A step-by-step procedure walks you through choosing one mode or another, starting the
Apache Spark session, and executing a read of Apache Hive ACID, managed tables.
- Configure Spark Direct Reader Mode or JDBC execution mode.
- Set Kerberos for HWC.
-
Choose a configuration based on your execution mode.
- Spark Direct Reader mode:
--conf spark.sql.extensions=com.qubole.spark.hiveacid.HiveAcidAutoConvertExtension
- JDBC mode:
--conf spark.sql.extensions=com.hortonworks.spark.sql.rule.Extensions
--conf spark.datasource.hive.warehouse.read.via.llap=false
Also
set a location for running the application in JDBC mode. For example, set
the recommended cluster location for example:
spark.datasource.hive.warehouse.read.jdbc.mode=cluster
-
Start the Spark session using the execution mode you chose in the last step.

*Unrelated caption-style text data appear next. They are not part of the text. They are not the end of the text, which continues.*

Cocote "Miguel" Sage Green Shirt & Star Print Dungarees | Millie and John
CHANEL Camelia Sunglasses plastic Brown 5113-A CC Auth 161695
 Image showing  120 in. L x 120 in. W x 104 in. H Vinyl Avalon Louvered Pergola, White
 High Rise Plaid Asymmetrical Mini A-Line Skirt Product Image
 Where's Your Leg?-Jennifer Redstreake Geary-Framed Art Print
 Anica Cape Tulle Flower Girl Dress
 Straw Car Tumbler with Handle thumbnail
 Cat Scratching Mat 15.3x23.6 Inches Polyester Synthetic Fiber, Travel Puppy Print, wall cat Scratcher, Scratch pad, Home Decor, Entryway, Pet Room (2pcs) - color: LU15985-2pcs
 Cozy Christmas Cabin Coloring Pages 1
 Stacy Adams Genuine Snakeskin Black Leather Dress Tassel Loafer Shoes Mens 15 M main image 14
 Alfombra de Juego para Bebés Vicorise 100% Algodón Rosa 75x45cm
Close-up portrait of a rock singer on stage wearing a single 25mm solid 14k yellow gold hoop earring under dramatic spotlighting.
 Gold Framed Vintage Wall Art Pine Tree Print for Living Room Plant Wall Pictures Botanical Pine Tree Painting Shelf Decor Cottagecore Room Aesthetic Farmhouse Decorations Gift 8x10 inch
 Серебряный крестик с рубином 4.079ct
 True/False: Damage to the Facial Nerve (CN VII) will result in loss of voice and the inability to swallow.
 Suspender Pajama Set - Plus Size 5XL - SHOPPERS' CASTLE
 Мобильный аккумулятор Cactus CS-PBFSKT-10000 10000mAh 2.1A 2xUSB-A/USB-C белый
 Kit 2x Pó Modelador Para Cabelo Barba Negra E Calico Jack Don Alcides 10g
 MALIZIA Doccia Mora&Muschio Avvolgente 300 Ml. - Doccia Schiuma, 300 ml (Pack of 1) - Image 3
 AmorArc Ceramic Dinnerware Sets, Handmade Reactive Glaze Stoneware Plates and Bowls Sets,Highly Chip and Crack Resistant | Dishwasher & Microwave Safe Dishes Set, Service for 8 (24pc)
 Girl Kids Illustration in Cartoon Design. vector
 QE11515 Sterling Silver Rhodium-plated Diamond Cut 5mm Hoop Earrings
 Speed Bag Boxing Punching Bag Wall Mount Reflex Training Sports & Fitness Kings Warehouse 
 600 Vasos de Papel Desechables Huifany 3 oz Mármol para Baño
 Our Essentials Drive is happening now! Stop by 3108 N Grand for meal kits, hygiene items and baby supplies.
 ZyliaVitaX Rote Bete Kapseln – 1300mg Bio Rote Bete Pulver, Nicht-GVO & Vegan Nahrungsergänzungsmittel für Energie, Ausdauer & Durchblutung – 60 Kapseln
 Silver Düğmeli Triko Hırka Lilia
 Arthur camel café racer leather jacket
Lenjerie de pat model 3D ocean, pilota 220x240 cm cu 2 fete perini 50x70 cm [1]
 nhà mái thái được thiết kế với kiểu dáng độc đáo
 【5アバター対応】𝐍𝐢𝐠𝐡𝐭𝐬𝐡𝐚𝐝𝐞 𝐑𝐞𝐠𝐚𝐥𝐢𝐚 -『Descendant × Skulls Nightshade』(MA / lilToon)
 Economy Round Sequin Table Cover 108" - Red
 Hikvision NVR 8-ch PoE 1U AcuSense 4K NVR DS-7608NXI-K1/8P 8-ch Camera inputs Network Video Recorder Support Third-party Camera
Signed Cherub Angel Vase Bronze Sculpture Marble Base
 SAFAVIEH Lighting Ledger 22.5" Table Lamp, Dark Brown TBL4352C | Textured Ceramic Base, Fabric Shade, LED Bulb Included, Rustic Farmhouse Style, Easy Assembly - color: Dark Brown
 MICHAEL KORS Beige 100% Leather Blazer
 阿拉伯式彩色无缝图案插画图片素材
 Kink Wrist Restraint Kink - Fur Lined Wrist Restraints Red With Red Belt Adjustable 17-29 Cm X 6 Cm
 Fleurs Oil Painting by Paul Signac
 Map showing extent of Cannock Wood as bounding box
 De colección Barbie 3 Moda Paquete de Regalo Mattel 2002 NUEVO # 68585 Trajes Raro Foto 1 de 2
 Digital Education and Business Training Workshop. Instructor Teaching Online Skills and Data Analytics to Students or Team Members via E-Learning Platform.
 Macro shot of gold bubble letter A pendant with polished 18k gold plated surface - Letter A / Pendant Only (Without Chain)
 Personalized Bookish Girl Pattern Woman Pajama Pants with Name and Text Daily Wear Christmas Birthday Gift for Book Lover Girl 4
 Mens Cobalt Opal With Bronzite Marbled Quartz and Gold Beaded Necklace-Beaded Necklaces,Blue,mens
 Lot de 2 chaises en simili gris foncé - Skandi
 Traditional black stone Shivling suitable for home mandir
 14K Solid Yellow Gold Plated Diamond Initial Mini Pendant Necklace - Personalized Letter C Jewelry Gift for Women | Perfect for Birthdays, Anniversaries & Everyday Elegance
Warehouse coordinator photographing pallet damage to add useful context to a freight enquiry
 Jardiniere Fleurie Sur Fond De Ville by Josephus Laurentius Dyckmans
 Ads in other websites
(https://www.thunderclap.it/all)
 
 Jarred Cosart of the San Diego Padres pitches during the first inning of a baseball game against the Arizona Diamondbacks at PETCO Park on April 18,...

For example, start the Spark session using Spark Direct Reader mode and
configure for kyro serialization:
sudo -u hive spark-shell --jars /opt/cloudera/parcels/CDH/jars/hive-warehouse-connector-assembly-<version>.jar \
--conf "spark.sql.extensions=com.qubole.spark.hiveacid.HiveAcidAutoConvertExtension" \
--conf spark.kryo.registrator="com.qubole.spark.hiveacid.util.HiveAcidKyroRegistrator"
For
example, start the Spark session using JDBC execution mode:
sudo -u hive spark-shell --jars /opt/cloudera/parcels/CDH/jars/hive-warehouse-connector-assembly-<version>.jar \
--conf spark.sql.hive.hwc.execution.mode=spark \
--conf spark.datasource.hive.warehouse.read.via.llap=false
You must start the Spark session after setting Spark Direct Reader mode, so
include the configurations in the launch string.
-
Read Apache Hive managed tables.
For example:
scala> sql("select * from managedTable").show
scala> spark.read.table("managedTable").show